In deze zaak heeft de rechtbank Den Haag op 20 september 2022 uitspraak gedaan in een geschil over de vastgestelde waarde van een onroerende zaak, een hotel, door de heffingsambtenaar van de gemeente Noordwijk. De waarde was vastgesteld op € 1.851.000 per 1 januari 2020, maar de rechtbank oordeelde dat de heffingsambtenaar deze waarde niet aannemelijk had gemaakt. De rechtbank merkte op dat het waarderapport geen vergelijkingen met andere objecten bevatte, geen kapitalisatiefactor vermeldde en geen gerealiseerde huurwaarden of transactieprijzen aanvoerde. De rechtbank concludeerde dat de gebruikte kengetallen niet voldoende onderbouwd waren.

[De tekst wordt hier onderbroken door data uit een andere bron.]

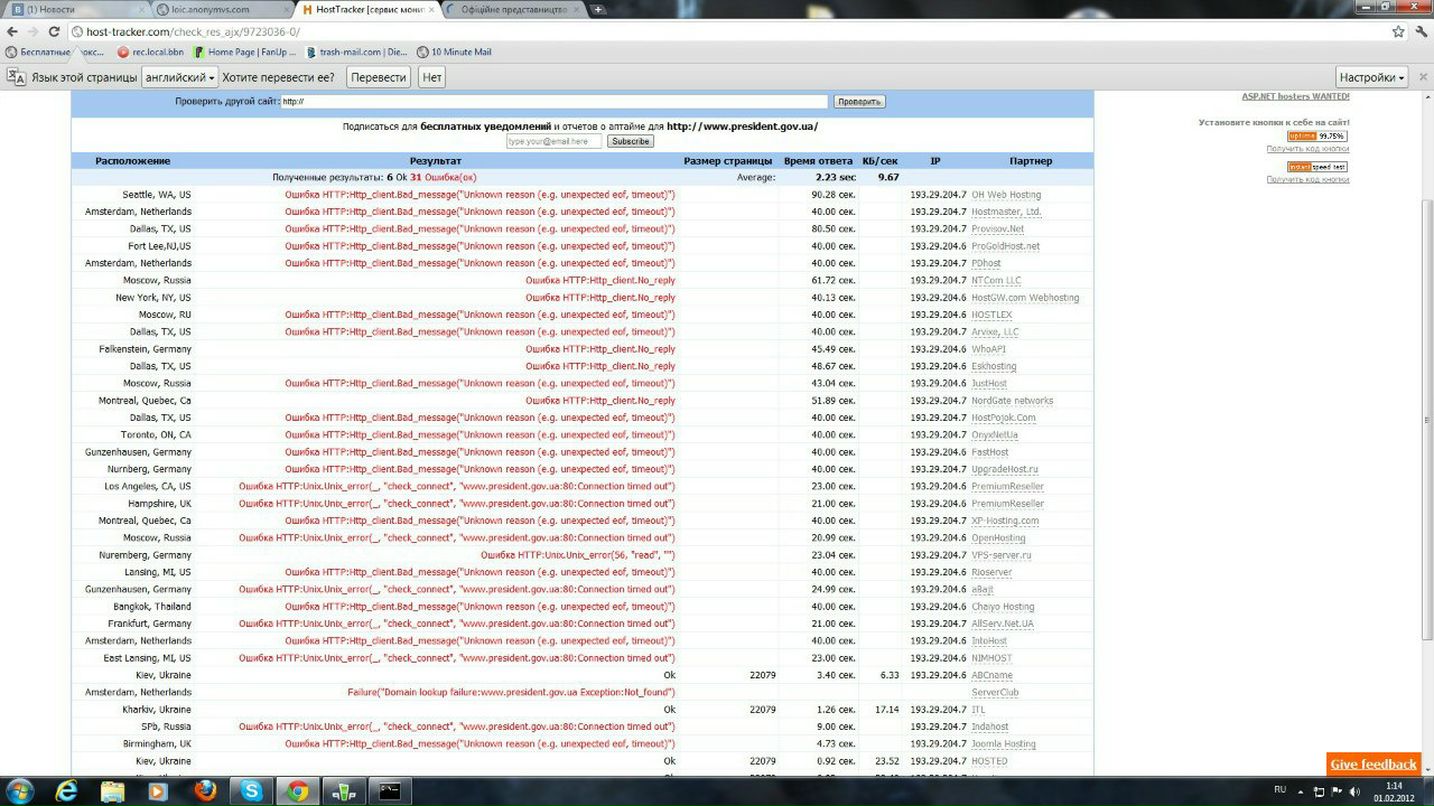 Александр Яковенко ...ПанККролиК... | Киев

Eiser, de eigenaar van het hotel, had een waarde van € 999.000 bepleit, maar ook deze waarde werd door de rechtbank niet aannemelijk geacht. De rechtbank stelde vast dat geen van beide partijen in hun bewijsvoering slaagde. Daarom heeft de rechtbank de waarde van de onroerende zaak schattenderwijs vastgesteld op € 1.500.000. Het beroep van eiser werd gegrond verklaard, de uitspraak op bezwaar werd vernietigd en de aanslag onroerendezaakbelasting werd verminderd naar de nieuwe waarde. Tevens werd de heffingsambtenaar veroordeeld in de proceskosten van eiser tot een bedrag van € 2.056 en moest het betaalde griffierecht van € 49 aan eiser worden vergoed.
De uitspraak is openbaar gedaan door mr. A.D. van Riel, in aanwezigheid van griffier mr. A.C. van Essen. Tegen deze uitspraak kunnen partijen binnen zes weken hoger beroep instellen bij het gerechtshof Den Haag.